Denn Volkshochschulen sprechen bisher mit einem großen Teil ihres offenen Kursprogramms besonders Menschen aus bürgerlichen Schichten an. Menschen, die aus den unterschiedlichsten Gründen (wie besondere Lebenslagen, persönliche Bildungsgeschichte) keinen Platz im Lebenslangen Lernen gefunden haben, erreicht die Volkshochschule nicht. Um dieser Aufgabe auf einem professionellen Niveau nachgehen zu können, müssen die Adressatinnen und Adressaten gezielt mit aufsuchender Bildungsarbeit angesprochen werden. Weiterbildungsangebote für alle Menschen sind nur dann möglich, wenn sich die Bildungseinrichtungen auf bestimmte Zielgruppen zubewegen.
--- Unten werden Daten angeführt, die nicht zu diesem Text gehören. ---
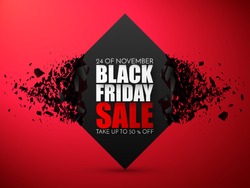 Black Friday Sale Abstract Background. Vector Banner with explosion effect.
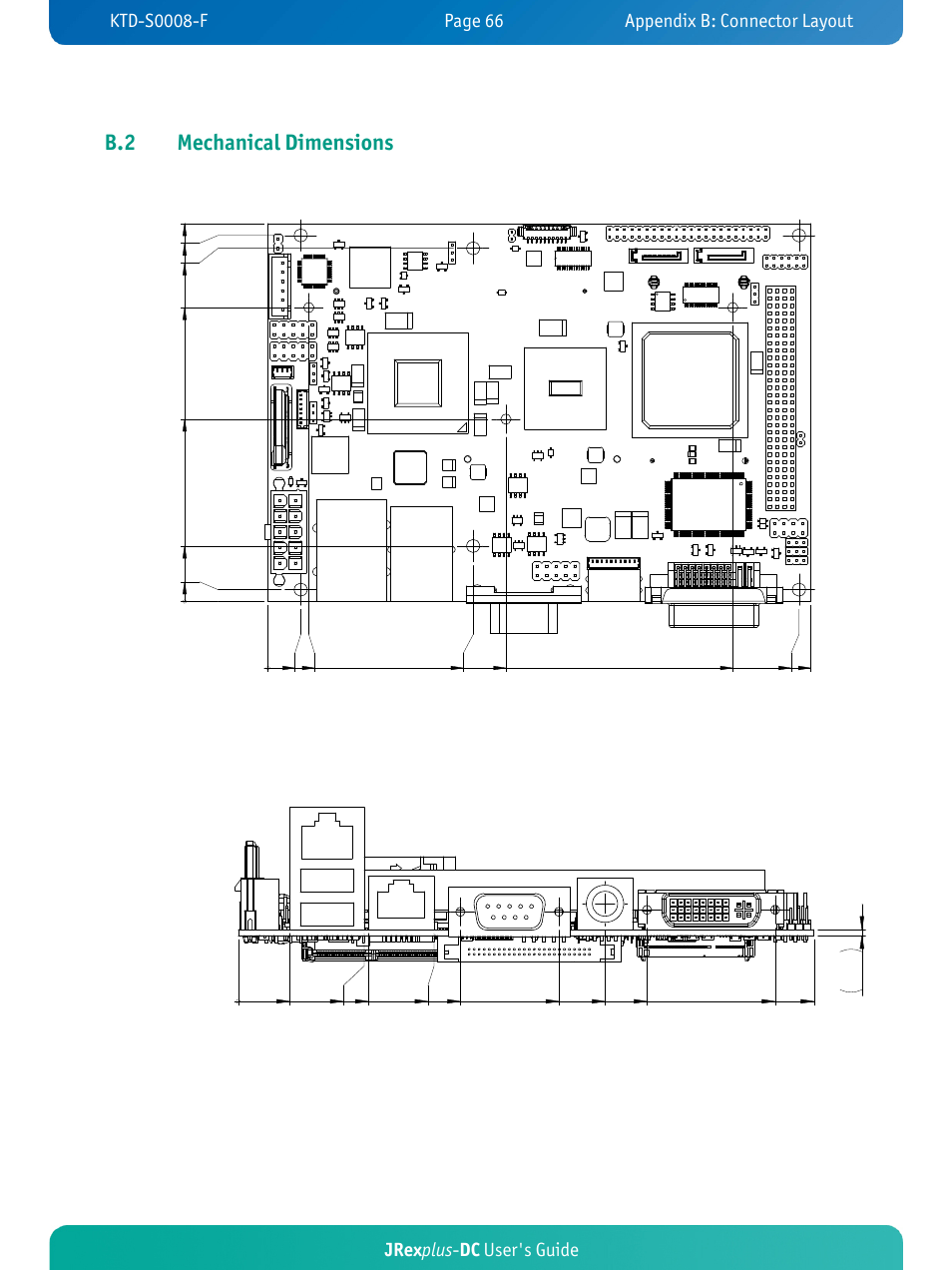 B.2 mechanical dimensions, Jrex plus - dc user's guide | Kontron JRexplus-DC User Manual | Page 71 / 77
Dazu bedarf es eines grundlegenden Perspektivwechsels und einer erweiterten Interpretation von Offenheit – Volkshochschulen sind nicht nur offen für alle Menschen, sondern auch offen für neue Zugangswege, neue Bildungsorte und neue Arbeitsweisen und damit für Aufsuchende Bildungsarbeit.
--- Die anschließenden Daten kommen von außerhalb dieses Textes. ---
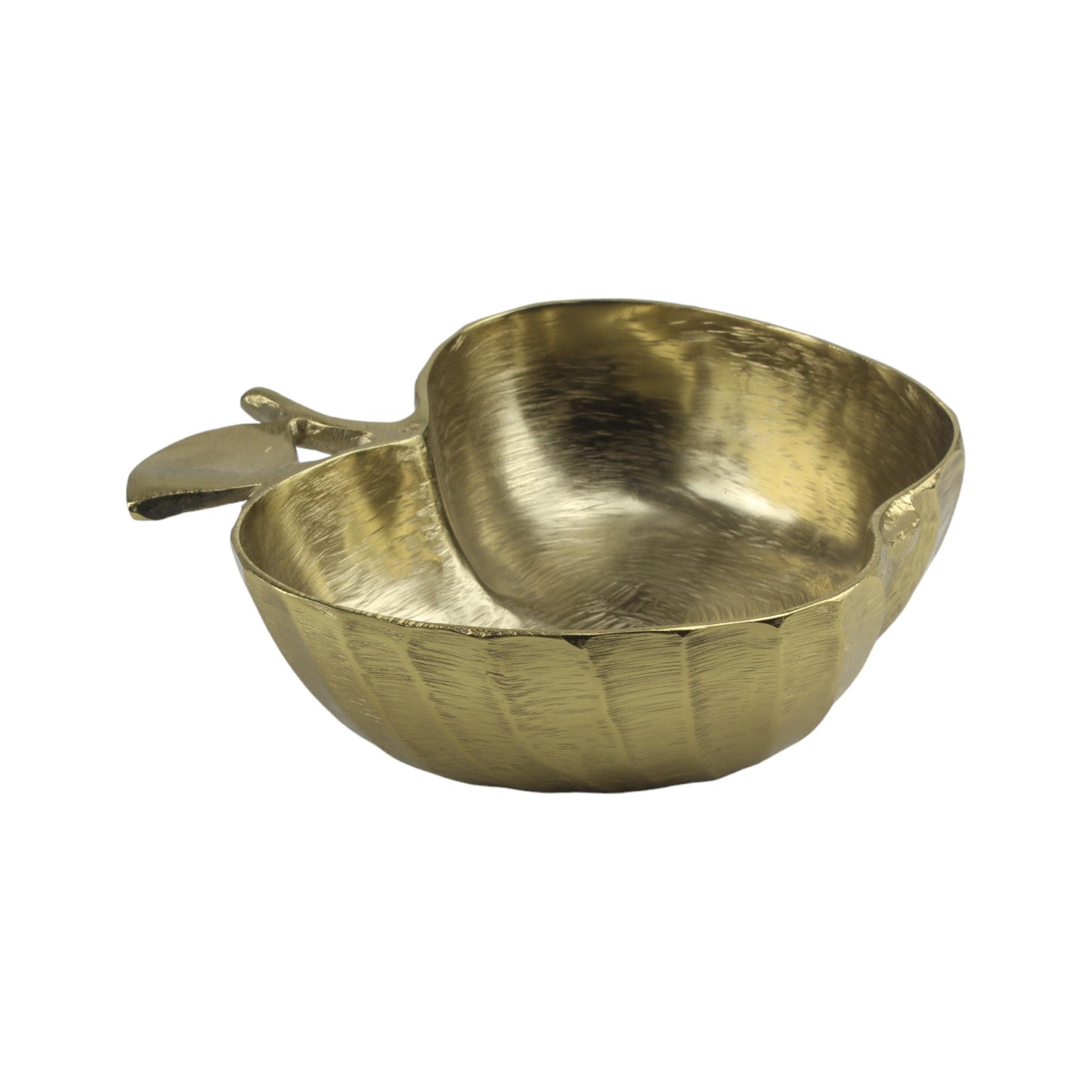 Handcrafted Golden Aluminum Apple Shaped Bowl: Luxe Décor Essential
Aufsuchende Bildungsarbeit verlangt von den Bildungseinrichtungen und ihren Mitarbeitenden die Bereitschaft und die Fähigkeit, in der Bildungsarbeit bisher unübliche Wege zu gehen:

  • Aufsuchende Bildungsarbeit findet dort statt, wo sich die Menschen aufhalten: im Stadtteil, beim Bäcker, im Kino, in kirchlichen Einrichtungen, im Tafelladen, etc. (räumliche Dimension).
  • Der Ortswechsel, den die Aufsuchende Bildungsarbeit mit sich bringt, bedarf auch neuer Ansätze in der Arbeitsweise – weg von inhaltlichen Zuständigkeiten hin zu „Gebietszuständigkeiten“. Dies ist nur über eine Auflösung des Denkens in inhaltlich sortierten Programmbereichen möglich (organisatorische Dimension).
  • Bildungsplanende benötigen Kontakte zu Menschen mit Bildungsbedarf – dies kann über vertraute Personen aus deren näherem Umfeld geschehen (Familienmitglieder und Freunde etc.) oder aber im direkten Kontakt mit diesen Menschen als Experten in eigener Sache (soziale Dimension).
  • Bildungsangebote können für Menschen interessant werden, wenn sie sich, was ihre eigene Biographie anbelangt, in Umbruchsituationen befinden, so etwa die Geburt des Kindes, Veränderungen in der Familie oder ein beruflicher Neuanfang (zeitliche Dimension).
  • Die Angebote müssen lebensweltbezogen und handlungsorientiert gestaltet sein. Der Nutzen der neu zu erwerbenden Kompetenzen muss für den Teilnehmenden transparent dargestellt werden. Die Volkshochschule will die Menschen befähigen, in umfassender Weise politisch, kulturell, sozial und beruflich an der Gesellschaft teilzuhaben (inhaltliche Dimension).
     

Aus diesen Dimensionen ergibt sich der grundlegende Perspektivwechsel von Aufsuchender Bildungsarbeit: Die Volkshochschule kann nur dann Angebote für Menschen in besonderen Lebenslagen schaffen, wenn sie sich konsequent auf die Perspektive der Betroffenen einstellt und offen ist für neue Zugangswege, neue Bildungsorte und neue Arbeitsweisen. Dieser Perspektivwechsel kann nur gelingen, wenn auch die Aus- und Weiterbildungen sowie die Förderstrukturen auf die Anforderungen der aufsuchenden Bildungsarbeit angepasst werden.

 

(1) Die Volkshochschule – Bildung in öffentlicher Verantwortung (2011), S. 14.